Il decollo, a bordo di un razzo Falcon 9, avverrà dal Kennedy Space Center

Il prossimo lancio di una missione privata di SpaceX è stato rinviato fino a metà gennaio. La società aveva pianificato di lanciare la missione Ax-3 di Axiom Space verso la Stazione Spaziale Internazionale il 9 gennaio. Tuttavia, la tempistica è slittata di poco più di una settimana, al 17 gennaio: lo ha annunciato la NASA. Il ritardo è “dovuto alle recenti condizioni meteorologiche sfavorevoli e ai cambiamenti nel programma di lancio di SpaceX,” hanno affermato i funzionari dell’agenzia.

Il decollo, a bordo di un razzo Falcon 9 di SpaceX, avverrà dal Kennedy Space Center della NASA in Florida e invierà 4 persone verso la ISS con una capsula Dragon.

Ax-3, la 3ª missione di astronauti privati ​​di Axiom Space

Come indica il nome, Ax-3 è la 3ª missione di astronauti privati ​​sulla ISS organizzata dalla società Axiom Space con sede a Houston. Tutti questi voli si sono avvalsi dell’hardware SpaceX per inviare equipaggi di 4 persone al laboratorio in orbita per missioni della durata di circa 2 settimane.

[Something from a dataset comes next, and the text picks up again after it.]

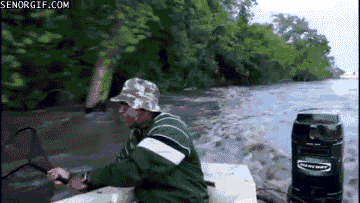 10 Silly Carp GIFs for a Slap-Happy Day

Il primo, Ax-1, è stato lanciato nell’aprile 2022. Ax-2 è seguito nel maggio di quest’anno. Al comando di Ax-3 vi sarà l’ex astronauta della NASA Michael López-Alegría, che ora lavora per Axiom. (La NASA richiede che tutte le missioni con equipaggio privato sulla ISS siano comandate da un ex astronauta dell’agenzia). Insieme a López-Alegría ci saranno il colonnello dell’Aeronautica Militare italiana Walter Villadei, che ha volato nello spazio suborbitale con Virgin Galactic nel giugno di quest’anno, l’astronauta dell’Agenzia Spaziale Europea Marcus Wandt e Alper Gezeravcı, che diventerà il primo cittadino turco a raggiungere l’ultima frontiera.

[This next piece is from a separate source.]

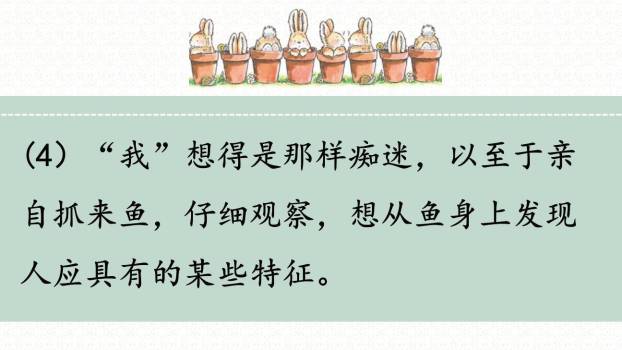 童年的发现PPT课件44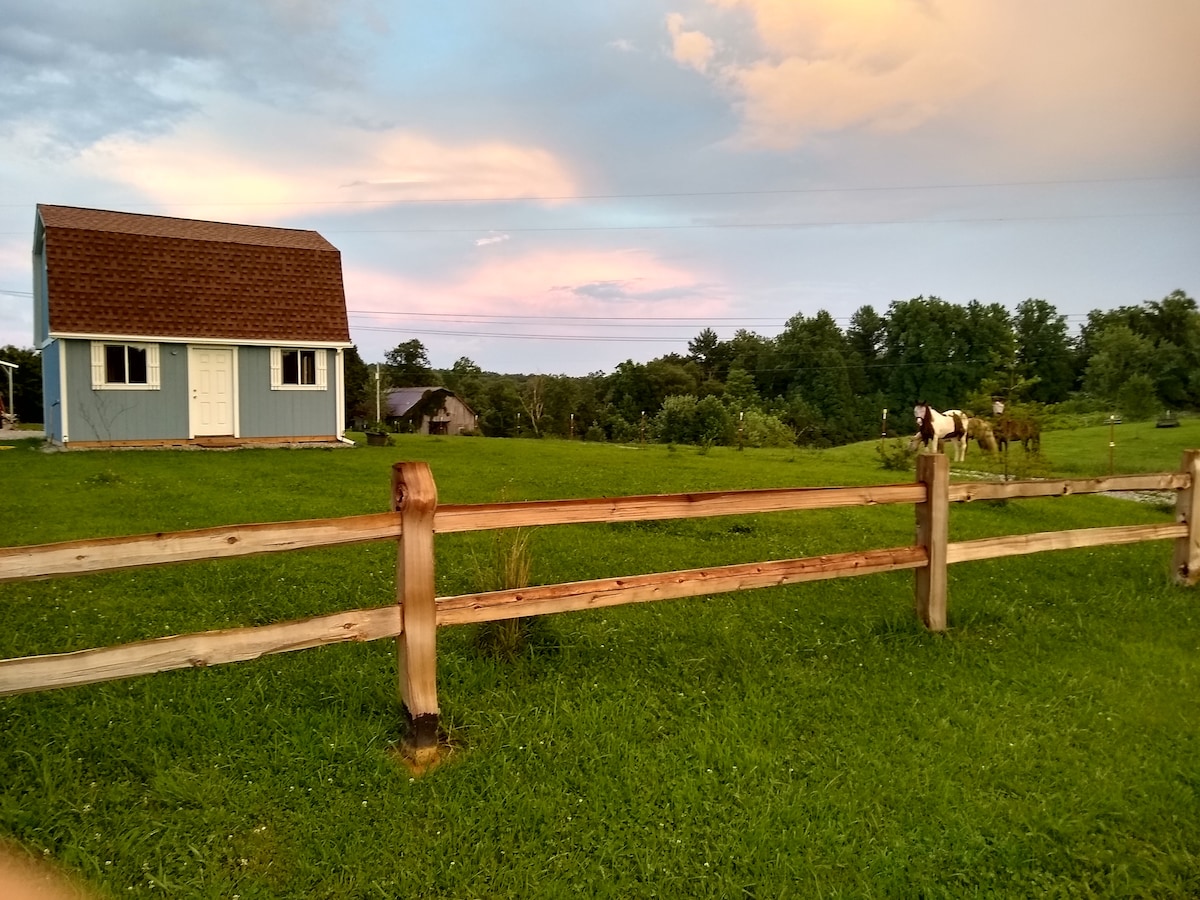 Baby blue cottage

Maltempo nella Space Coast

Ultimamente il maltempo ha costretto allo slittamento di numerosi lanci di SpaceX dalla Space Coast della Florida, influenzando altre missioni sul manifest della compagnia, come Ax-3. Ad esempio, SpaceX inizialmente mirava a realizzare un doppio lancio in Florida l’11 dicembre, facendo partire un lotto dei suoi satelliti Internet Starlink e l’aereo spaziale X-37B della US Space Force rispettivamente su un Falcon 9 e un Falcon Heavy. Gli Starlink non sono decollati fino a lunedì scorso (18 dicembre) e l’X-37B non è ancora decollato: il volo è ora previsto per il 28 dicembre.